New Delhi: Boston Consulting Group (BCG) and Confederation of Indian Industries (CII) today released a report, ‘One Consumer, Many Interactions’, that reimagines the media house of the future. The report highlights the massive, unparalleled change the media and entertainment industry is going through, with the exponential growth of media and type of content available creating a trillion customer touch points. “This change is not the future but rather is here & now,” said Sudhanshu Vats, Chairman, CII committee on Media & Entertainment and Group CEO Viacom 18 Media, India. He added, “This is an unparalleled situation even for an industry which has always been at the forefront of disruption. The industry will now need new answers, and will need them fast even on the most fundamental things like talent pool to run our companies, methodology for measuring the impact we are delivering to advertisers on our platforms”

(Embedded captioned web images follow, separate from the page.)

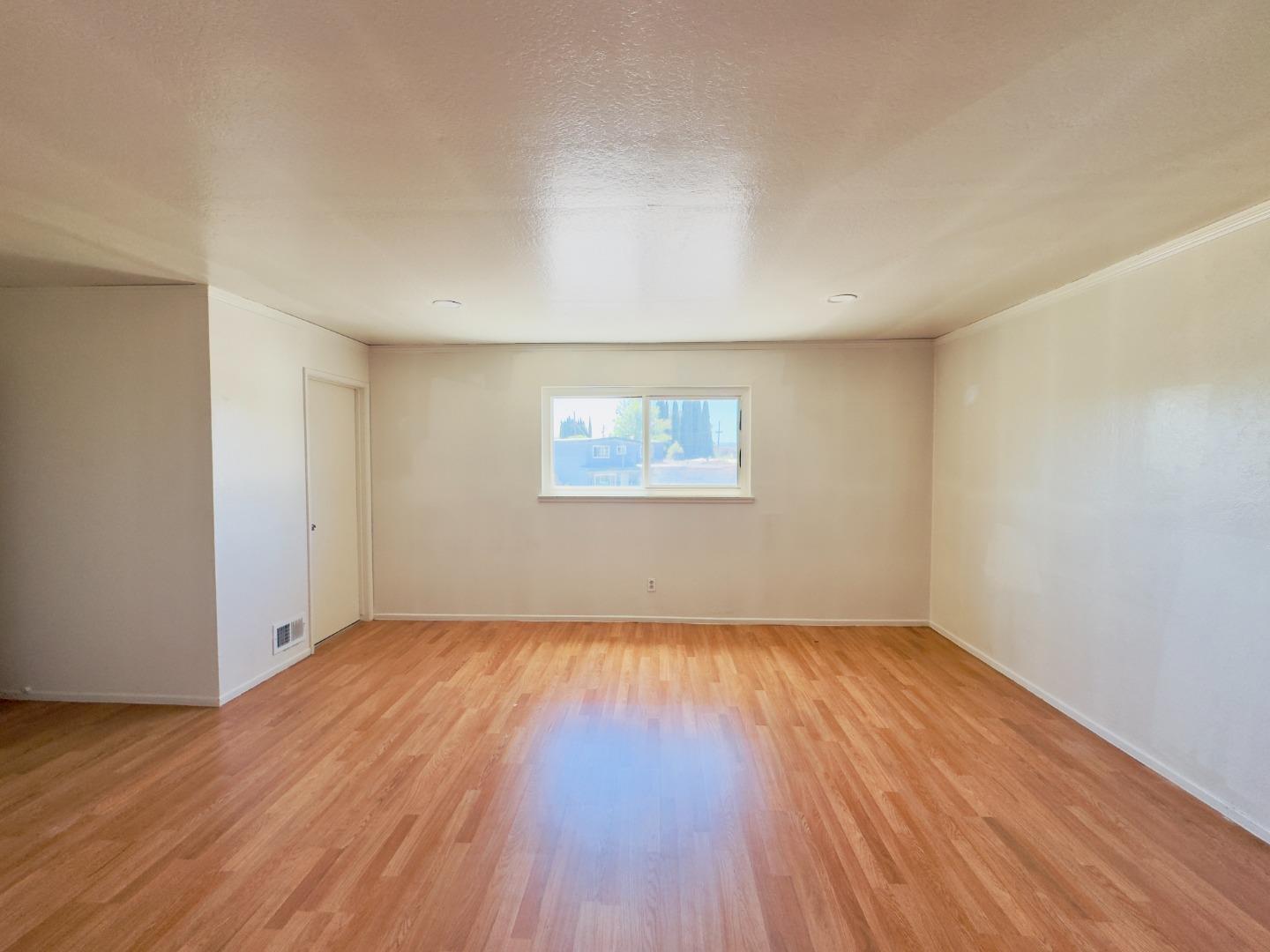 Detail Gallery Image 9 of 24 For 1430 Mckinley St, Fairfield,  CA 94533 - 4 Beds | 2/1 Baths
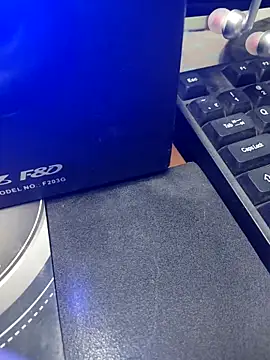 DesiBlackBull online show from December 21, 4:36 pm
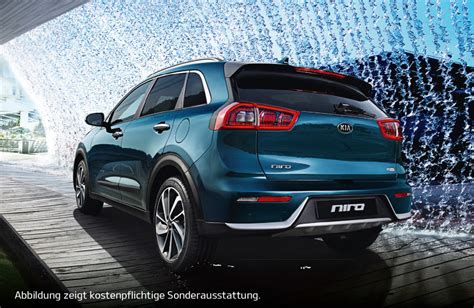 KIA Niro Hybrid Photos and Specs. Photo: KIA Niro Hybrid mod ...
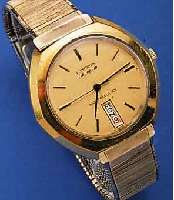 LONGINES HERRENARMBANDUHR OLYMPIAN SCHNELL- SCHWINGER, SCHWEIZ/USA UM 1972, EINSCHALEN- GEH. M. EDELST.-BODEN HARTVERG., METALLGLIE- DERB. NEUTR. ...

According to the report, India’s media consumption has been growing at 9% CAGR over the past six years, which is almost twice that of China and nine times that of the US. But there is still ample headroom for faster growth in the future. The report points to India’s unique multimodal growth across all major media, which is unlike any of the other key markets. Kanchan Samtani, Partner & Director, Boston Consulting Group India, elaborated upon this uniqueness: “India is one of the few countries in the world where we are witnessing most mediums growing hand in hand and we see this continuing in the foreseeable future. For example – video consumption on OTT is supplementing linear TV vs. cannibalizing it.”
This growth will fundamentally change the way media houses look and operate; the changes will range from rethinking the front end content involving format and language, to reorganizing the back end with newer skill sets and partnership models. New age technologies like artificial intelligence and analytics are getting ingrained in each function of media operations. “The industry has to re-write many definitions and conventions on almost a daily basis. While the erstwhile, fixed prime time for TV for family in the evening remains, many new personal viewing occasions have come via OTT (over the top) screen consumption,”observed Karishma Bhalla, Partner & Director, Boston Consulting Group India.
The report showcases real life examples of successful new age media and entertainment companies and highlights the need for media houses to work closely with other stakeholders. In Ms Samtani’s view, “The media industry is leveraging technology at a very fast pace. We expect media companies to invest a significant amount of time and resources to create technical prowess as a key pillar of differentiation. Mr. Vats highlighted the call for action: “The questions are manifold but this is a tremendous opportunity for our industry to reimagine itself. We hope that this report helps our industry executives think through the imperatives and drive action.”
Important Highlights of the report:
- The consumption in India, has been growing at rate of 9% over last 6 years,
- At 4.6 hours of consumption per capita per day, India is still behind China (6.4 hours) and US (11.8 hours), suggesting further headroom for growth.
- In India this growth has been additive and not cannibalizing traditional media, yet.
- India to remain a multi-modal market where all forms of media, including traditional media like TV and digital will continue to co-exist for next several years.
- There is also a massive competition across platforms for getting that share of eyeballs which leads to emergence of differentiated, expensive, ‘hero content’.
- Traditional media houses will need to rethink investment quantum, allocation and velocity of content, as they compete for the same eyeballs.
- AI, RPA and advanced analytics are already creating ripples across the entire value chain.
- Roles such as ‘Consumer Insights Analyst’, ‘Social Engagement Manager’, ‘Data Evangelists’ have already started to emerge.
- In the future, all media houses will be building their core around technology, and not limiting it to just being a support function.
- Sales organizations are now becoming a hybrid of high touch and high tech functions. It‘s imperative for companies to start thinking about their talent sourcing strategy to remain competitive in the new regime.
- The employment level in the M&E industry (including new age digital businesses) is expected to double in next 5 years and much of this addition will require new skills.
- Monetization needs to keep pace with eyeballs for the industry economics to be strong. It is critical that the industry defines a common currency that works cross platform providing a consistent and standard measurement of reach and ROI.
- Unlike the US where the cost of a cable connection can be as high as 80$ per month, India with a sub 3 $ cost of cable per month, doesn’t have the need for skinny bundles.
- No economic need for consumers to switch media and it is likely that all forms of media will continue to grow simultaneously leading to a multi-model, multi-format market.